The mascot, also called Vault Man in the Fallout games, was designed as a parallel and homage to Rich Uncle Pennybags from Monopoly. It’s still a close spiritual resemblance given what Uncle Pennybags stood for in Monopoly.
He didn’t always look like the upbeat, blond chap he is right now. Vault Boy had transformed from several versions from the first Fallout to Bethesda’s reiteration.
Vault Boy’s thumbs-up gesture also didn’t have any morbid meaning prior to Amazon’s Fallout show. Creators Brian Fargo and Tramell Ray Isaac even refuted any internet theories. Initially, the rumor is that the thumbs up was a rough measurement of how safe one is from a nuclear blast (the show later adopted this theory).
However, Fargo and Isaac simply claimed that Vault Boy’s thumbs-up gesture was merely a sign of positive attitude and delusional optimism. The Amazon adaptation made a homage to this original Vault Boy intent with Cooper reassuring his daughter that everything was alright in the midst of a nuclear blast.

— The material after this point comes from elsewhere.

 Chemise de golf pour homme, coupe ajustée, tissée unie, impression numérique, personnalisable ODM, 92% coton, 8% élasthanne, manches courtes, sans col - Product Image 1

Vault Boy Reminds Cooper of His Failures
The Ghoul thus became Cooper’s reluctant penance (both physically and figuratively) for his mistakes before the bombs dropped. Vault Boy’s shining smile and thumbs-up gesture are all over the wasteland to remind The Ghoul of his past failures.
His memory is certainly intact since The Ghoul would abruptly shoot and vandalize billboards of Vault Boy all across the wasteland. The irony is that Vault Boy’s creator went from being the handsome icon of the American Dream to an ugly, half-dead cynic and murderer.
Cooper had become the villain he fought back in his cowboy movies, Vault Boy’s dark shadow. Corporate greed and 200 years of guilt and grief can do that to a person.